Es war also nahe-liegendes Potential, dass Anne eines Tages nutzte, als sie Luna ein kleines Bühnenspiel darbot. In der Hauptrolle: Klaus die Maus. Eigentlich ein Reise-Lieder Tonie. Ich hörte ihr schmunzelnd zu, als sie mit den kleinen Figuren ein imaginäres Picknick veranstaltete und Luna voll darauf einstieg. Ich liebe es, wenn einer von uns es schafft, dass sie Feuer und Flamme für etwas ist. Luna blüht dann auf und beschäftigt sich den ganzen Tag mit nichts anderem mehr.

Auch Klaus die Maus schaffte es in Lunas Herz. Und als ich mich dann traute eine Runde „Klaus die Maus geht zum See“ aufzuführen, durfte ich erst nach mehreren Zugaben des gleichen Stückes und nur unter Protest, wieder damit aufhören. Ich hatte eine hohe Stimme für Klaus gewählt. Typisch Maus eben. Und ich hatte begonnen Alltags-Situationen aus der Sicht der kleinen Maus, die Luna nun rund um die Uhr mit sich trug, zu kommentieren. Natürlich mit der, fast schmerzhaften, hohen Stimmlage des kleinen Nagers. Zwei fatale Fehler.

Eskalation

Es sind nun bereits einige Tage vergangen seit denen Klaus die Maus ein Teil unserer Familie wurde. In dieser Zeit habe ich mir (beziehungsweise Klaus) mehrere Bücher von Luna erklären und „vorlesen“ lassen. Natürlich nur mit aufgefordertem Kommentar meinerseits in Mäuse-Stimme. Wurde von Anne aus dem Park angerufen, weil Luna Klaus etwas fragen oder ihm etwas erklären musste. Wobei ich bei Verweigerung der Mäusestimme eine Eskalation ihrer Stimmung provoziert hätte. Auch ist Klaus nicht mehr vom Esstisch oder der Toilette wegzudenken. Hier wird er gefüttert oder muss selbst noch einmal aufs Klo. Auch Zähneputzen ist für ihn Pflicht und Luna wäscht ihm fleißig die Hände. Was oft zu anstrengenden Verzögerungen oder Extra-Würsten im Alltag führt.

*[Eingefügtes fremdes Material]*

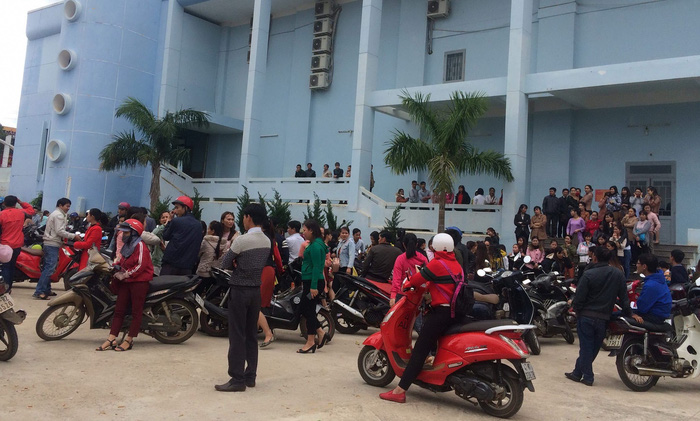 ai doi lai cong bang cho 500 giao vien doi du mat viec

Aber weshalb ich Klaus die Maus der Kategorie „hätte man sein lassen können“ wirklich zuordne ist die Tatsache, dass Luna mich nun morgens, so früh sie nur kann, mit den Worten „Papa du musst im Wohnzimmer Puppentheater spielen“ weckt.

Dabei grinst mich Klaus mit einem schiefen Lächeln verspottend aus ihrer Hand aus an.